It is appreciated that certain features of the invention, which are for clarity described in the context of separate embodiments may also be provided in combination in a single embodiment. Conversely various features of the invention, which are for brevity, described in the context of a single embodiment, may also be provided separately or in any suitable sub combination.

Further aspects of the invention and preferred features thereof are given in the claims herein.

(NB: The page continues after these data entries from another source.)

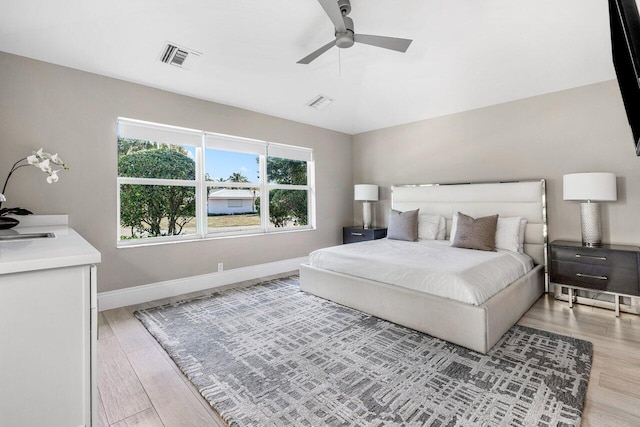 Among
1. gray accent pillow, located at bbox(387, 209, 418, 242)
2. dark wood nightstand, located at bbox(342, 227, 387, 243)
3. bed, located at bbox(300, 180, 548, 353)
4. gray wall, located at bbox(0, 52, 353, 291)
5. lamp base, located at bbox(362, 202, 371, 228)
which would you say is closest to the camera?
bed, located at bbox(300, 180, 548, 353)

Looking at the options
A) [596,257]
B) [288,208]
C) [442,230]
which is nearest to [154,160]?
[288,208]

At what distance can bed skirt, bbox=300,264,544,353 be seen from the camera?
7.23 feet

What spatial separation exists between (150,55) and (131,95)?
582mm

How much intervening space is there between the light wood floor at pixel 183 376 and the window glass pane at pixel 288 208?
2470mm

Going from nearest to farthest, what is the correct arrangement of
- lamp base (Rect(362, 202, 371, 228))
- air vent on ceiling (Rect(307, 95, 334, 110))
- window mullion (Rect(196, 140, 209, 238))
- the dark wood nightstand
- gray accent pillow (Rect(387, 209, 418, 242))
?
window mullion (Rect(196, 140, 209, 238))
gray accent pillow (Rect(387, 209, 418, 242))
air vent on ceiling (Rect(307, 95, 334, 110))
the dark wood nightstand
lamp base (Rect(362, 202, 371, 228))

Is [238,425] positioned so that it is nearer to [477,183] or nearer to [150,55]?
[150,55]

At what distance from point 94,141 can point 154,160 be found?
63 cm

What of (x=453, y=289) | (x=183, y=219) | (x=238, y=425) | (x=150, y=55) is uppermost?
(x=150, y=55)

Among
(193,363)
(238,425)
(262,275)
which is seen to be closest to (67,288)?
(238,425)

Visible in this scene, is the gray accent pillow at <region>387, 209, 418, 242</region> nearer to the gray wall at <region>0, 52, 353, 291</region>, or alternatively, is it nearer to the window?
the window

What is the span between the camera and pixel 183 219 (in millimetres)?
3877

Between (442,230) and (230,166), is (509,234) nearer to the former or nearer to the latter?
(442,230)

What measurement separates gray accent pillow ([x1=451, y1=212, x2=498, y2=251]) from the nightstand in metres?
0.60

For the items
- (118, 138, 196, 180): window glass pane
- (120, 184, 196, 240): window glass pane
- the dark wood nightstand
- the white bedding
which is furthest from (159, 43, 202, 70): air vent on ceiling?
the dark wood nightstand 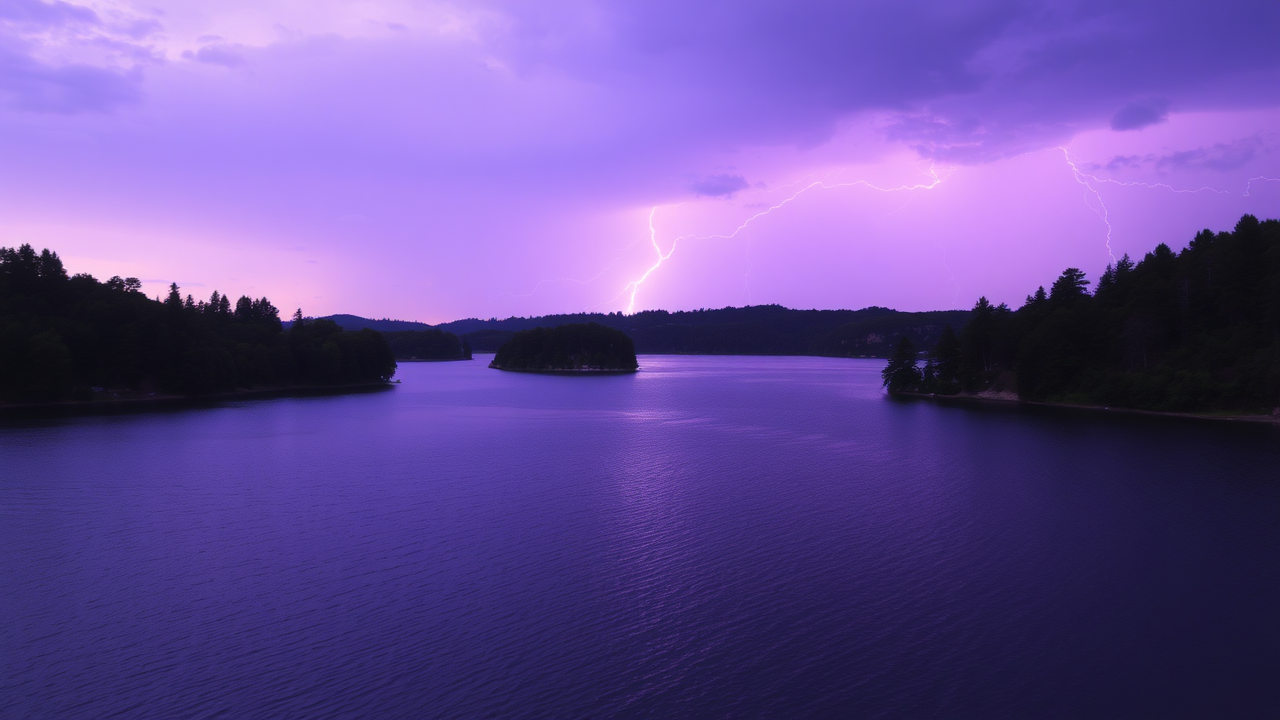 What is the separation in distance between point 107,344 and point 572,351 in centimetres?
9880

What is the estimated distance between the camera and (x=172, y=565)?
18859mm

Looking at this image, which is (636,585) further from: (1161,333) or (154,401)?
(154,401)

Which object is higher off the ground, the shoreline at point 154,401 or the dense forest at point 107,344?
the dense forest at point 107,344

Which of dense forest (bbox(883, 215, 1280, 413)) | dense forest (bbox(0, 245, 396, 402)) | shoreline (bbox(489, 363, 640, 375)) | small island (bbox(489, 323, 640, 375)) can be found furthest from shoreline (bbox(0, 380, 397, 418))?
dense forest (bbox(883, 215, 1280, 413))

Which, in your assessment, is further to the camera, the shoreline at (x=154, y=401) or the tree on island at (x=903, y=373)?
the tree on island at (x=903, y=373)

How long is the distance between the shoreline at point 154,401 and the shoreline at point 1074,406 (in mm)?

Any reference to prior art documents in this specification is not to be considered an admission that such prior art is widely known or forms part of the common general knowledge in the field.

The present invention will now be described in detail with reference to the following figures and non limiting examples which are by way of illustration only.

FIGURES

The invention is illustrated by the following non-limiting Figures herein, where:

Figure 1 is a plot of work of crushing iness on the ordinate (as measured by W c as described herein) versus water activity on the abscissa (A w measured as described herein) of various different wafer made from different recipes as described herein (the legend is given in Table 5 in the Examples).

Figure 2 is a plot of molecular weight distribution of maltodextrins and glucose syrups used to prepare various examples of the present invention. Figure 3 is a plot of the perceived cardboard like texture (from a sensory panel as described herein ) on the ordinate versus water activity on the abscissa (A w measured as described herein) of various different wafer made from different recipes as described herein. (The legend is the same as for Figure 1 and as given in Table 5 in the Examples).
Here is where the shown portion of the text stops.